Tuning of ZFS module
The more difficult part of ZOL is the fact that there are plenty of tune able kernel module parameters, and hence ZFS can be used in many kinds of systems for many different reasons. (laptops, file-servers, database-servers, file-clusters) However some of the parameters come bad out of the box for file serving systems. Here are some of the options that might help you tune ZFS on Linux.
The ARC (Adaptive Replacement Cache) is a cache that’s used to speed up read actions, (also async writes can be grouped here before flushed to disk (?)) by default zfs_arc_max is going to take (all physical memory – 1 GB) if the total physical memory is larger then 4GB. At least if I can believe this document however I think ZOL uses 75% by default. On a storage-only device, this can be increased, however on anything else, while the memory will be used for ARC, the ARC size will lower when applications require it.
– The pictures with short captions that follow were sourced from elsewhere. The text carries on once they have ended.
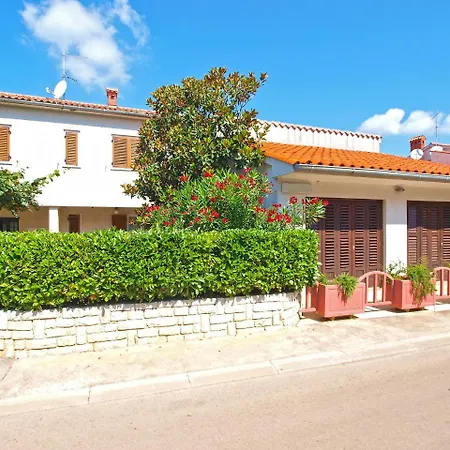 Miro 1184 Apartman Pješčana Uvala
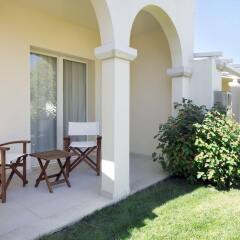 Отель Le Spiagge di San Pietro Resort Италия, Кастиадас - отзывы, цены и фото номеров - забронировать отель Le Spiagge di San Pietro Resort онлайн балкон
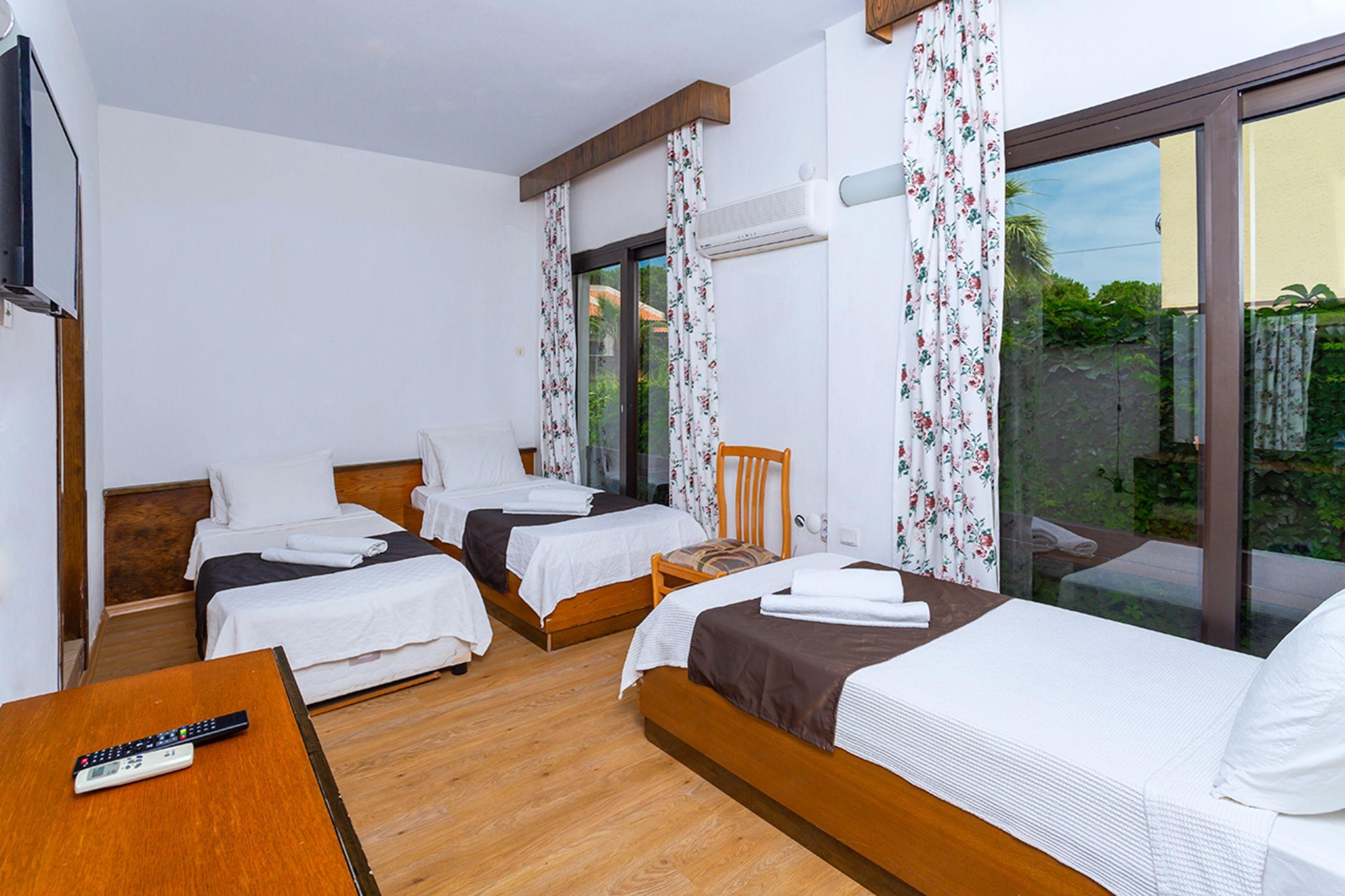 Kabasakal Otel Çeşme Exterior foto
The only disadvantage is; some applications will require a certain amount of memory to start, or request memory on a rate that is quicker then ARC size can lower, resulting in a crash/swapping. The zfs_arc_min is the smallest value the ARC will become when there is memory pressure. You could lower it on for example laptops/desktops that only use ZFS for a part of the system (backup storage).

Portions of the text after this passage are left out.